Since my daughter has been in part-time daycare for several months now, I’ve been asked the question: “does she have any friends at daycare?” It’s a tough question to answer. With her being just about 2.5 years old, can she truly conceive of the notion of “friend”? All of the daycare workers call all the kids “friends”, so in that sense, she does have friends at daycare – her classmates or whoever happens to be in the room with her at any given time. She doesn’t talk about any of them by name with us, though.
She does have other kids she plays with outside of daycare – mommy to mommy playdates – and these kids are perhaps more likely to fall in the “friend” category. When asked who her friends are, she is more likely to name one or two of these kids in particular. It has a lot to do with, of course, how often she sees them, and perhaps how much fun she has with them.

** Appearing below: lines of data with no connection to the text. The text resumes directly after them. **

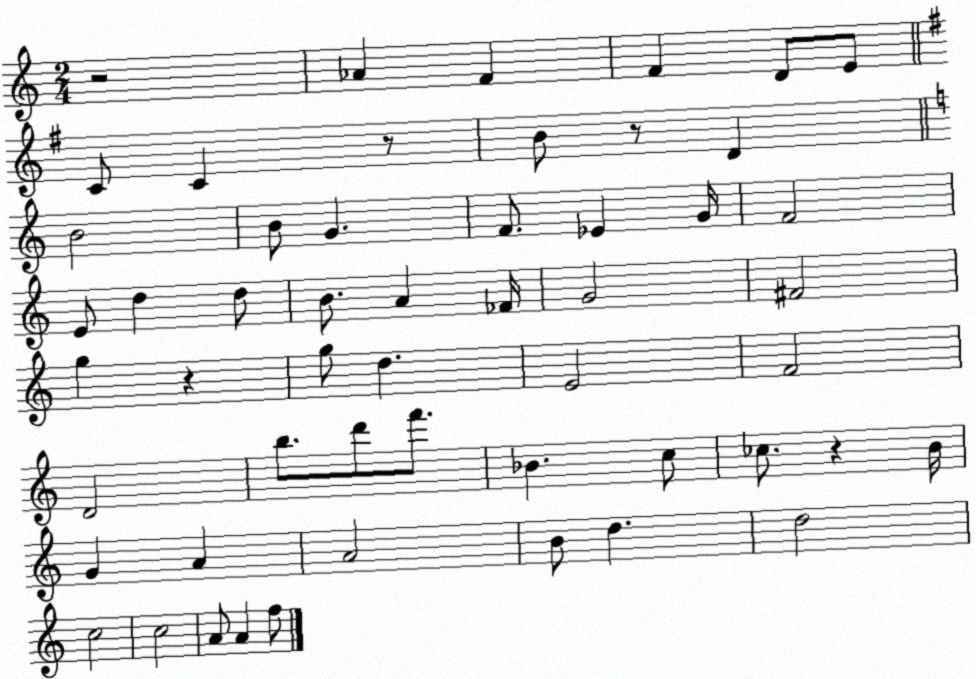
X:1
T:Untitled
M:2/4
L:1/4
K:C
z2 _A F F D/2 E/2 C/2 C z/2 B/2 z/2 D B2 B/2 G F/2 _E G/4 F2 E/2 d d/2 B/2 A _F/4 G2 ^F2 g z g/2 d E2 F2 D2 b/2 d'/2 f'/2 _B c/2 _c/2 z B/4 G A A2 B/2 d d2 c2 c2 A/2 A f/2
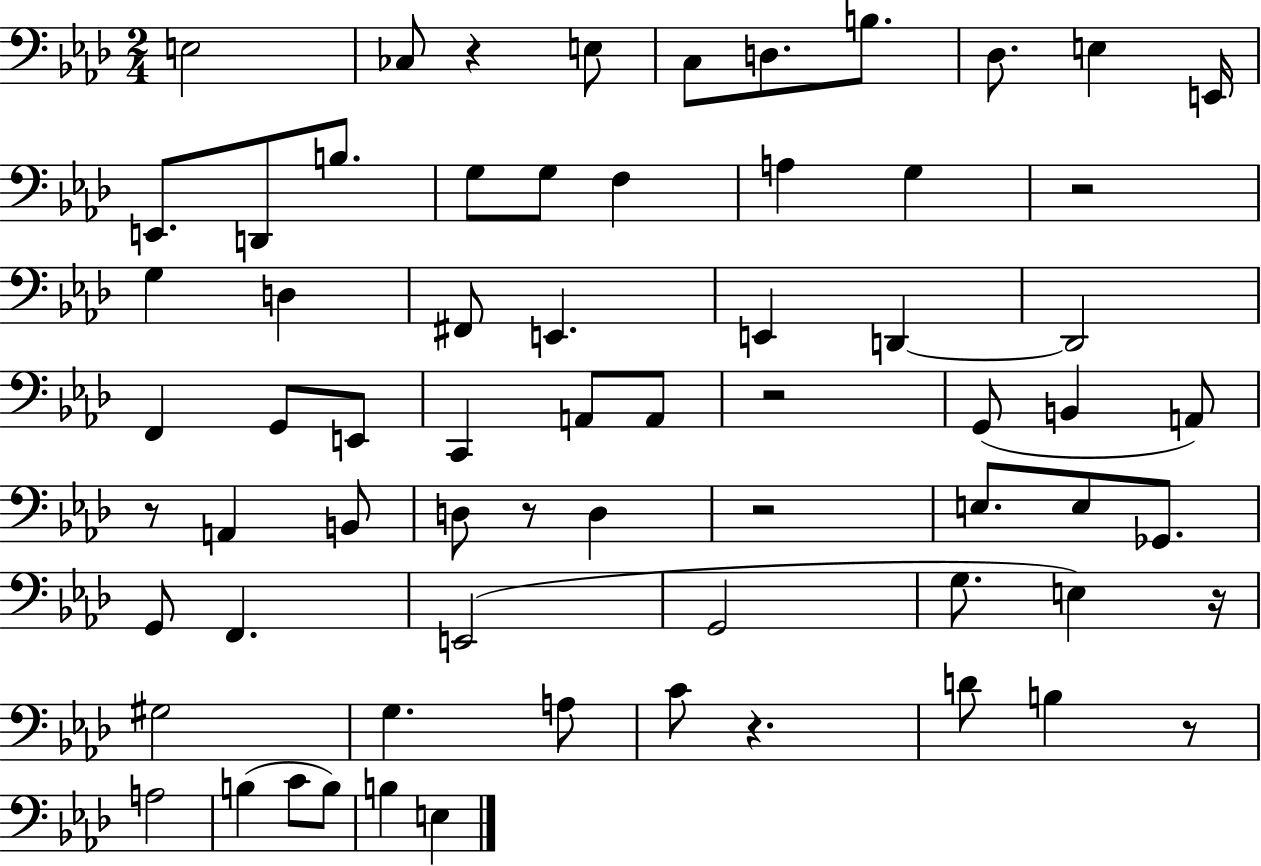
X:1
T:Untitled
M:2/4
L:1/4
K:Ab
E,2 _C,/2 z E,/2 C,/2 D,/2 B,/2 _D,/2 E, E,,/4 E,,/2 D,,/2 B,/2 G,/2 G,/2 F, A, G, z2 G, D, ^F,,/2 E,, E,, D,, D,,2 F,, G,,/2 E,,/2 C,, A,,/2 A,,/2 z2 G,,/2 B,, A,,/2 z/2 A,, B,,/2 D,/2 z/2 D, z2 E,/2 E,/2 _G,,/2 G,,/2 F,, E,,2 G,,2 G,/2 E, z/4 ^G,2 G, A,/2 C/2 z D/2 B, z/2 A,2 B, C/2 B,/2 B, E,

She has met some newer “friends” recently, and taken to them very quickly. My daughter is a shy, sensitive little girl (as we get many comments from daycare like “she is a very quiet girl”, “she likes to read books by herself”, “she doesn’t talk to anyone else much”) so she’s pretty wary of new people. So it surprises me when she seems to suddenly take to someone in a short time.
But I guess it’s the same with grown-ups too. When you start a new job and meet all of your co-workers, at first they’re all on one level to you – new people whose names you have just tried to remember. But as you spend time with them, you find yourself being drawn to certain people, or “clicking” with them – maybe it’s the personalities, the attitudes towards work, the outside hobbies and past-times, the kids you have.
There are some people you just find common ground with easily, and then they become your new “friends”.
Of course one might say that you are just good acquaintances until some time has passed and you spend more time together, or both people show some kind of initiative in proving the friendship. It may be difficult to define when an interaction becomes a friendship, with adults as well as with children.
I have always thought that the older I get, the harder it is to make new friends. Now I see this isn’t the case. It’s only if you stay in the same place, or phase of life for a long time, that it might be harder to meet new people with whom you can form new relationships. Having a baby definitely opened the door to new friendships. Starting a new job did it too. I wasn’t really out looking for new friends, but they happened anyway, simply because I was embarking on new stages in life.
So I’m very grateful for my friends – old and new. For those who have passed through and left their mark on my life and moved on somewhere else (literally or metaphorically), for those who have stood by for more than half my lifetime and continue to shape who I am, and for those who are newer to me and teach me many things that I didn’t know about life and about myself. My hope is that my daughter will have good solid friends in her life too.
What are your thoughts on the art of making friends?